### Task
Write out, word for word and with no pictures, each line below from the one containing "Afro american house" through the one containing "Aseel murgy available", both included, and no other line.

### Dataset records
● ● ● ● ● ● ●
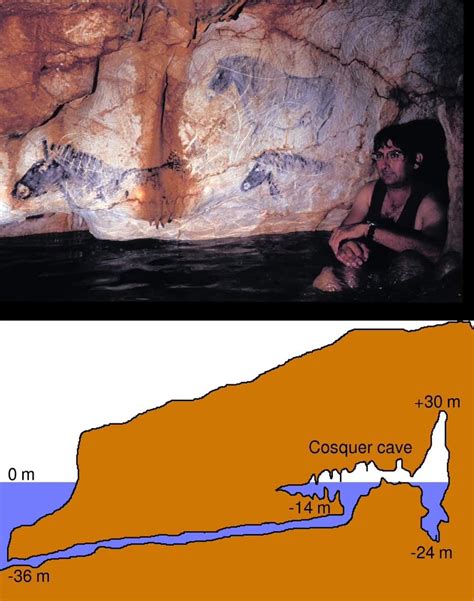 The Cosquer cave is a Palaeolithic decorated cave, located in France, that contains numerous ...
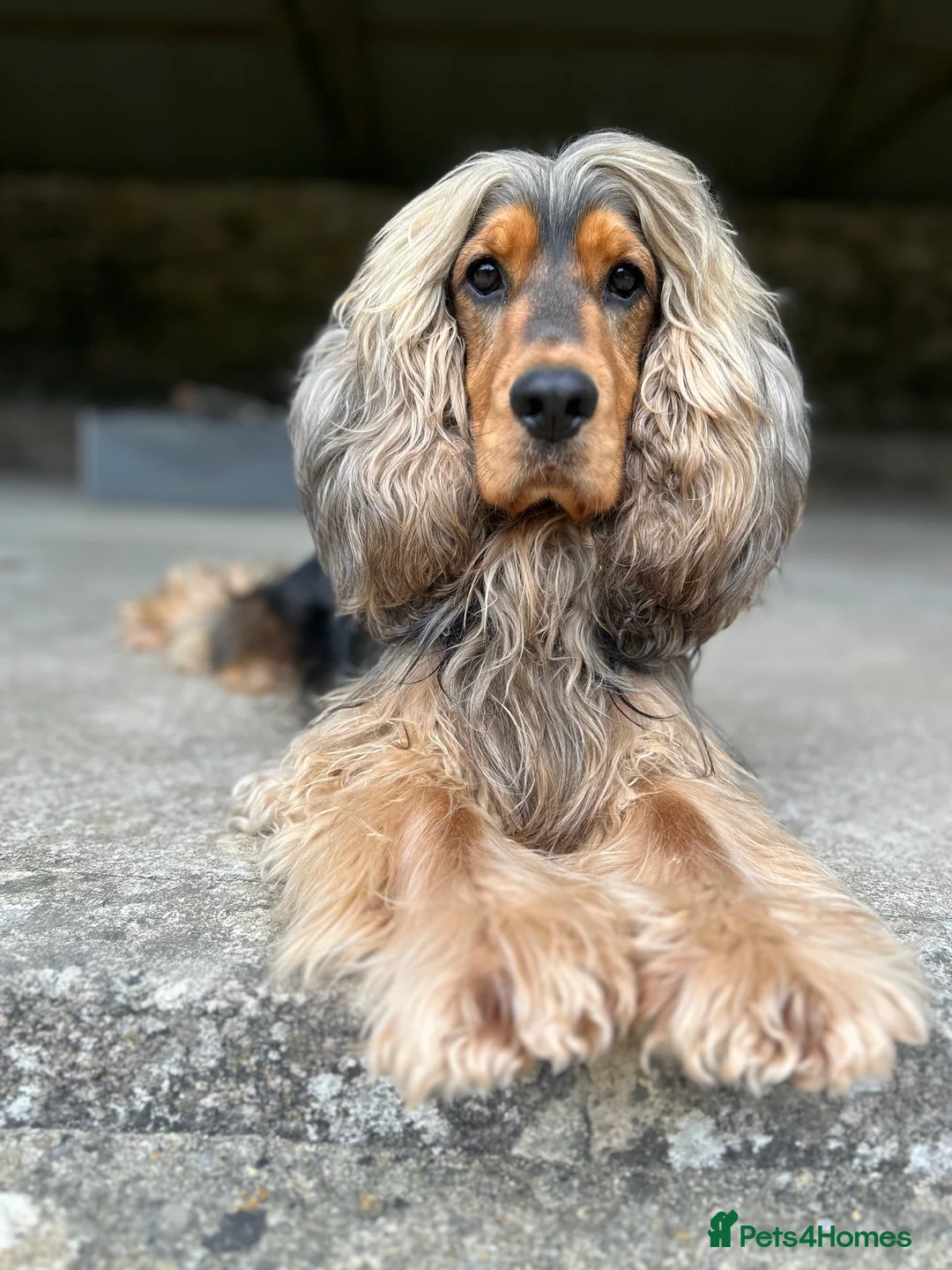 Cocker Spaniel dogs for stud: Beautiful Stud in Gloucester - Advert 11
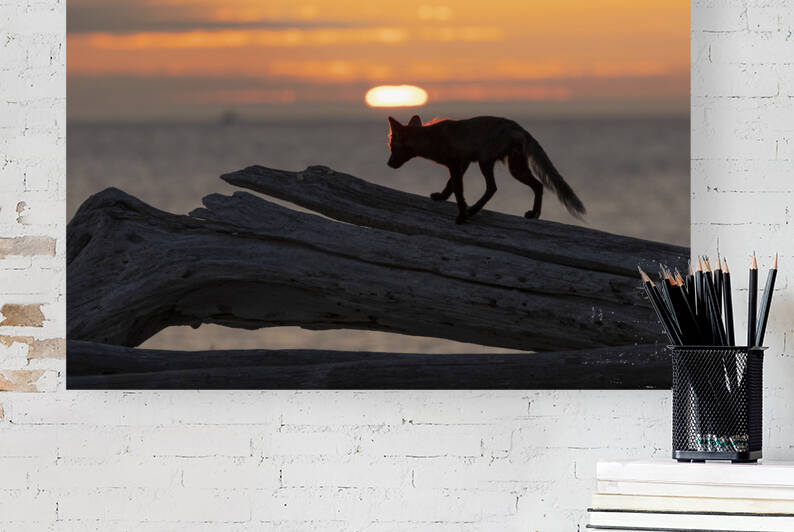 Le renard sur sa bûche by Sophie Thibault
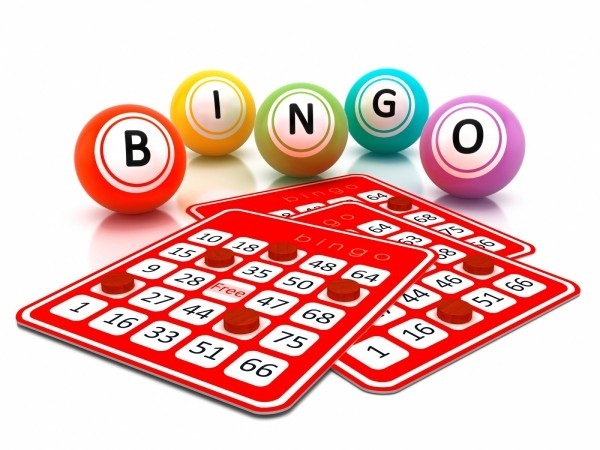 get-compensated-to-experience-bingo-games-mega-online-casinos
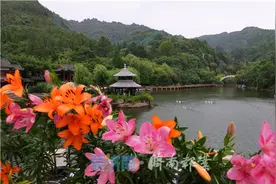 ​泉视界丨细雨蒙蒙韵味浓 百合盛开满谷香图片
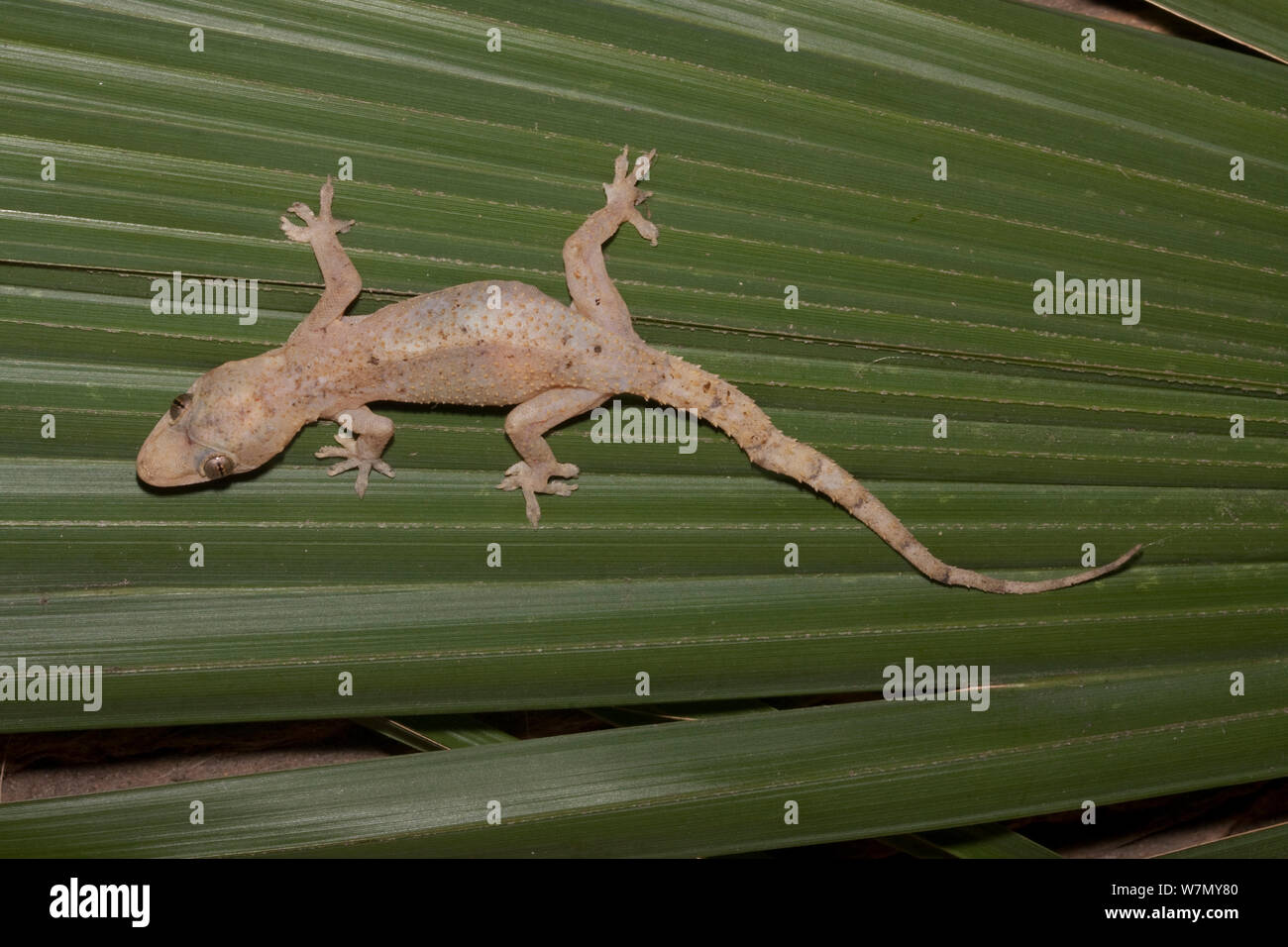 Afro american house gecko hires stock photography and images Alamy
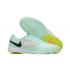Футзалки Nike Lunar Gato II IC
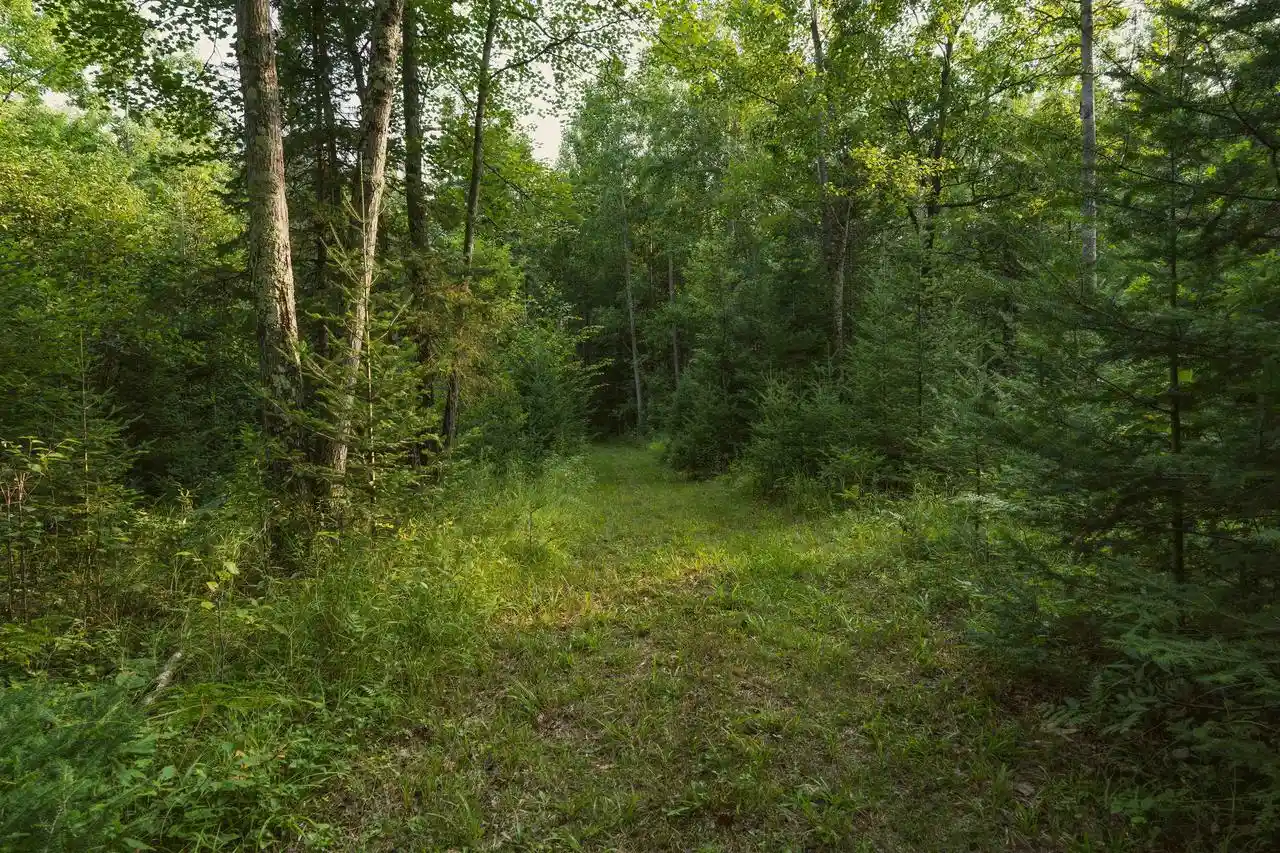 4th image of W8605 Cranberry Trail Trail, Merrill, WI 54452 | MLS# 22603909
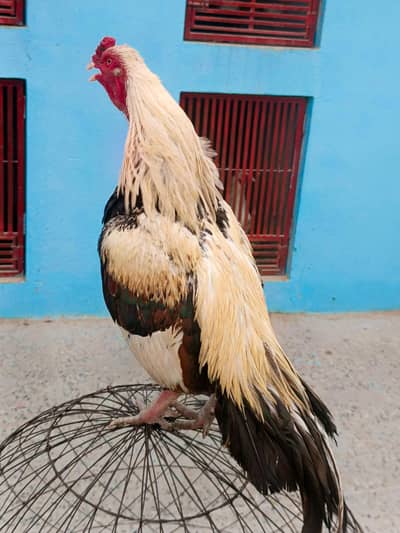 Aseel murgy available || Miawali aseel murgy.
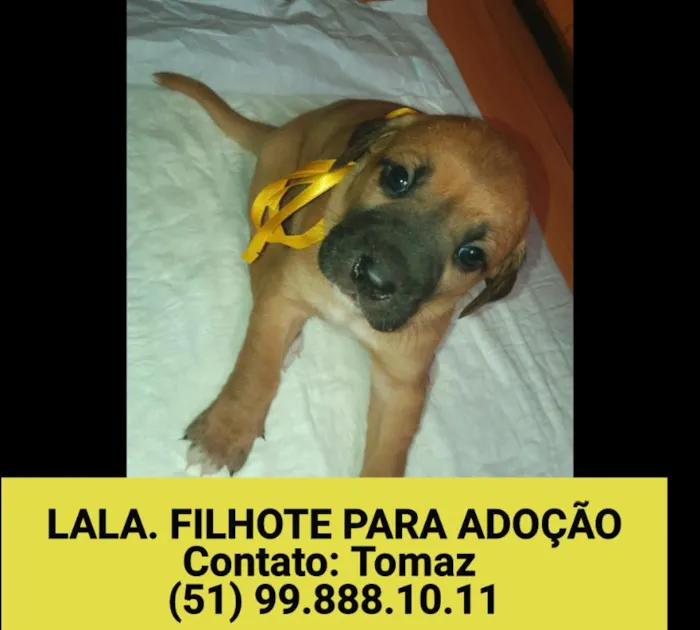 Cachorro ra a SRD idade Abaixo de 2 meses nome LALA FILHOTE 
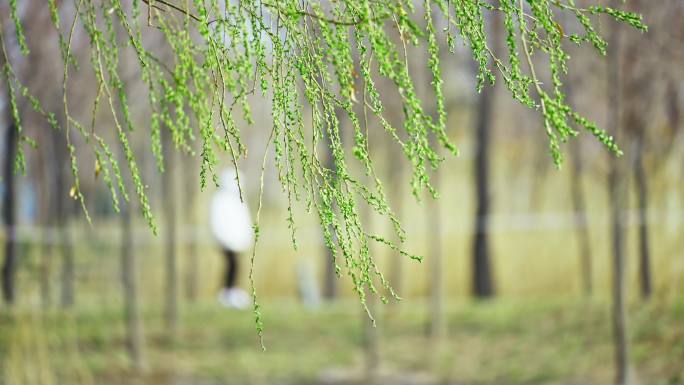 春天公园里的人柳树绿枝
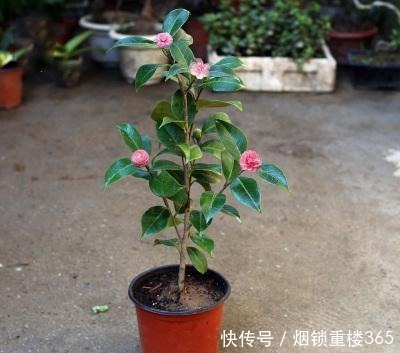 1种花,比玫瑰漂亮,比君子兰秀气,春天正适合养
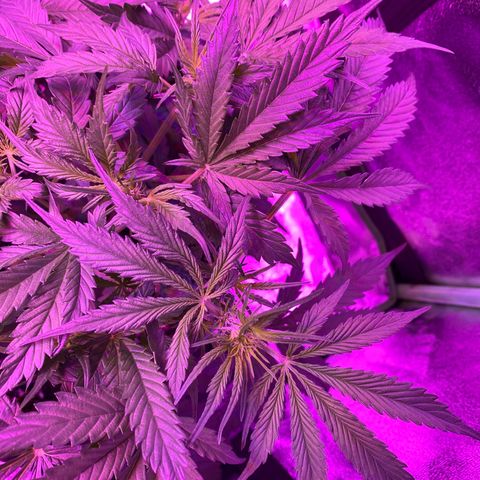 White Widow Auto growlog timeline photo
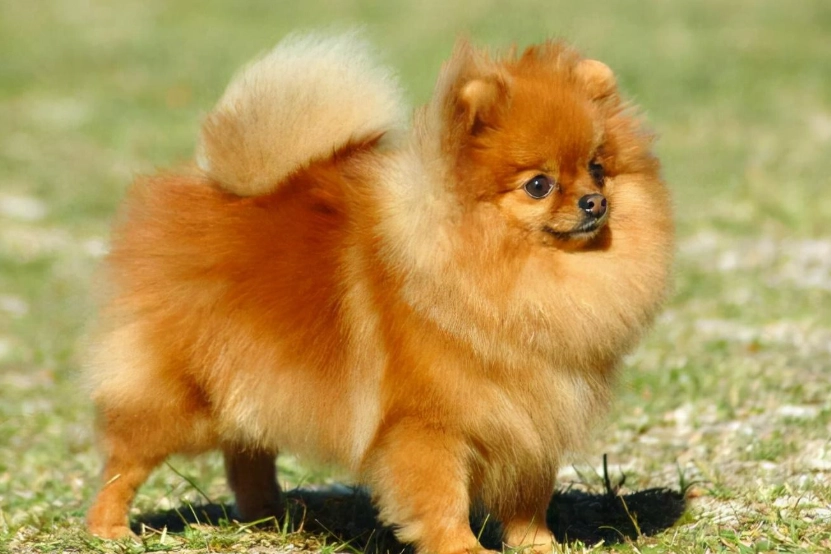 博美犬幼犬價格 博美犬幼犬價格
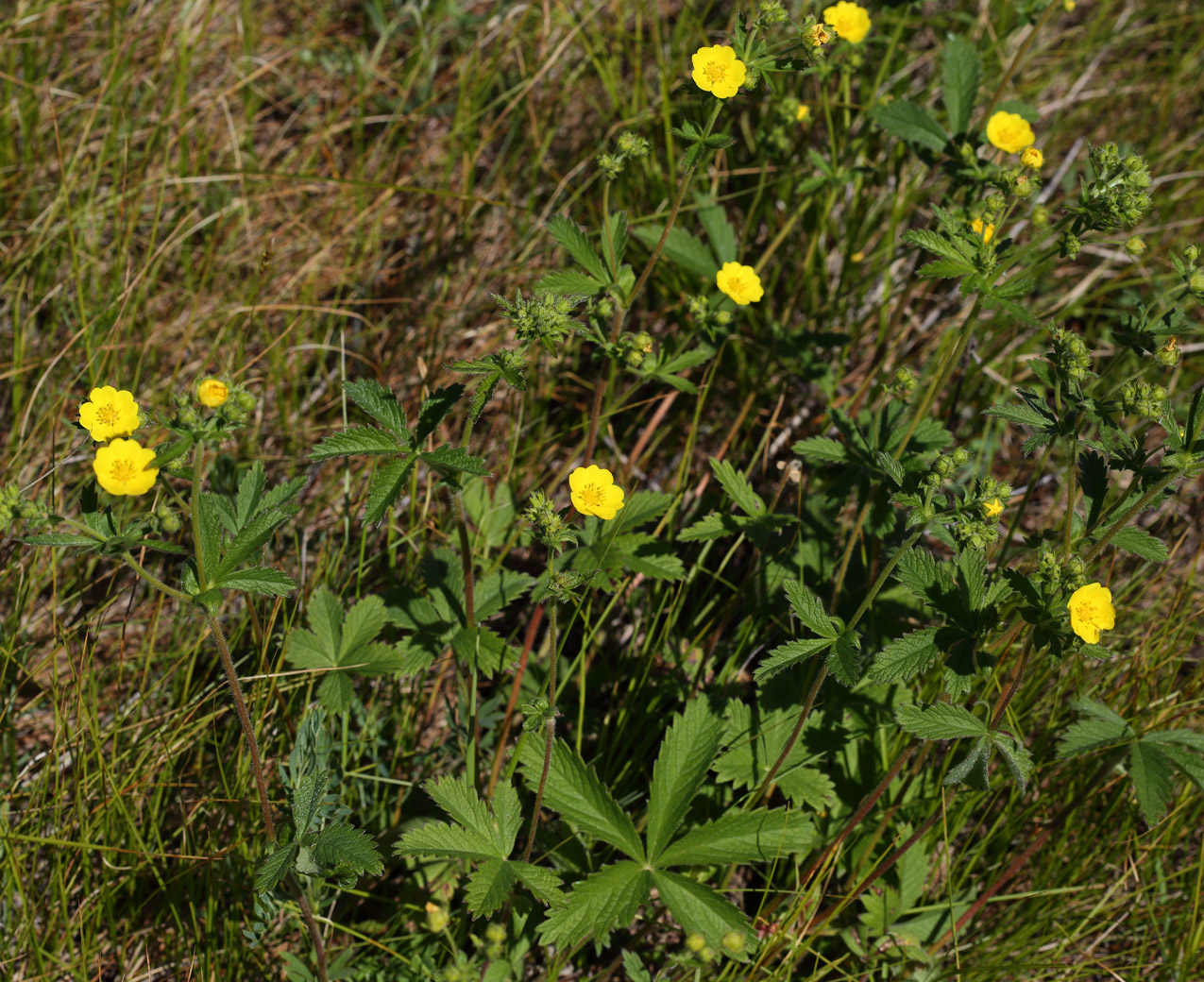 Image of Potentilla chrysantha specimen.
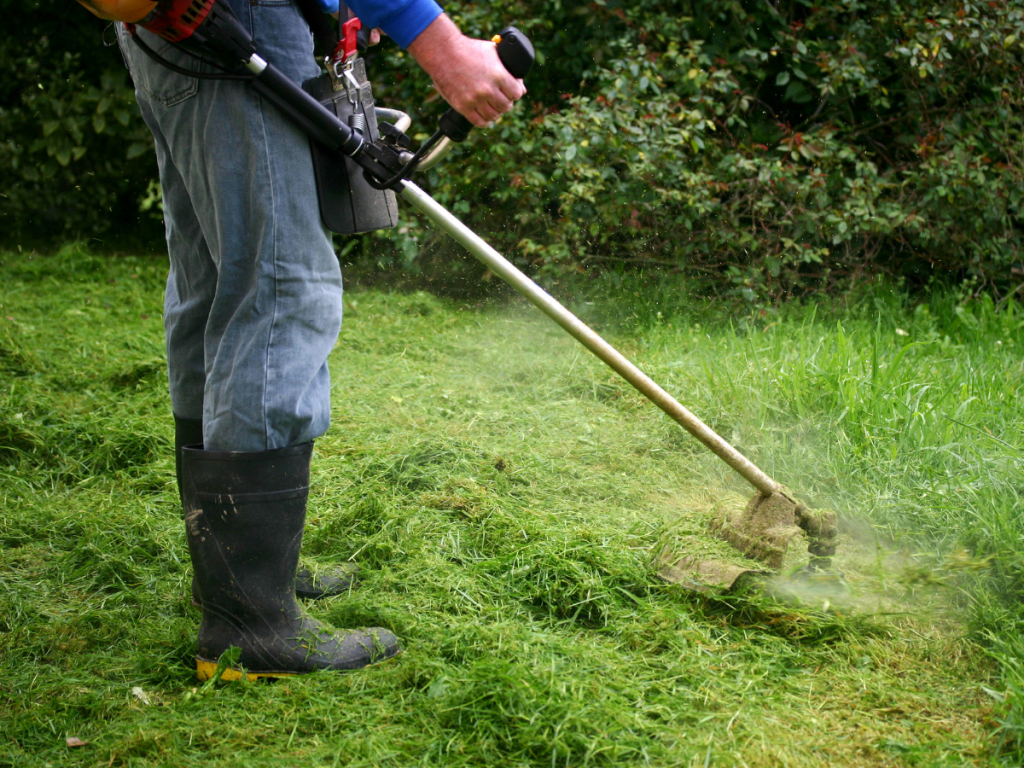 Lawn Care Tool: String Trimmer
● ● ● ● ● ● ●
### Completed task
 Afro american house gecko hires stock photography and images Alamy
Футзалки Nike Lunar Gato II IC
 4th image of W8605 Cranberry Trail Trail, Merrill, WI 54452 | MLS# 22603909
 Aseel murgy available || Miawali aseel murgy.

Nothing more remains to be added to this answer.